Świat aktywów cyfrowych ogarnął niepokój. Faktem jest, że istnieją kryptowaluty, które mogą stać się aktywami zombie. Według Forbesa istnieje imponująca lista kryptowalut zombie, wśród których znajduje się wiele dobrze znanych aktywów cyfrowych.
Jednocześnie eksperci Forbesa są pewni, że aktywa zombie nie znikają całkowicie, ale nadal istnieją i mają się świetnie. Powodem tego jest aktywny handel na rynku kryptowalut i imponująca liczba inwestycji przyciągniętych w momencie ich uruchomienia. Ponadto wielu traderów nie może pożyczać dużych ilości tych aktywów cyfrowych w celu otwierania krótkich pozycji. Analitycy Forbesa podkreślają, że w obecnych warunkach monet zombie trudno się pozbyć.

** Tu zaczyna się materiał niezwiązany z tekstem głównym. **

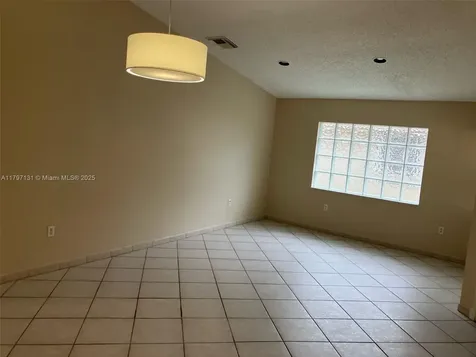 17691 SW 4th Court Pembroke Pines FL 33029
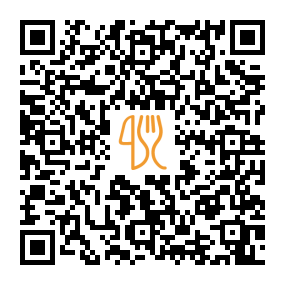 QR-code link către meniul La Coquille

"Termin «blockchain zombie» odnosi się do projektów blockchain, które podobnie jak zombie istnieją, ale nie wykazują oznak życia pod względem użyteczności ani znacznej bazy użytkowników" – czytamy w artykule.
Na liście kryptowalut zombie znalazł się XRP, który w rankingu aktywów cyfrowych o największej kapitalizacji zajmuje 8. miejsce. Forbes umieścił XRP na tej liście, ponieważ blockchain XRPL nie jest w stanie konkurować z systemem płatności SWIFT. Na tym tle sieć stworzona przez Ripple zaczęła generować minimalne przychody i nie spełniła oczekiwań.
Ponadto kryptowaluty zombie obejmują kilka potężnych aktywów, tak zwanych "zabójców Ethereum", takich jak Tezos (XTZ), Algorand (ALGO) i Cardano (ADA). Pomimo zalet technologicznych te sieci blockchain nie przewyższyły Ethereum pod względem popularności. W rezultacie zostały z niczym i nie przyciągnęły głównych przedstawicieli społeczności kryptograficznej.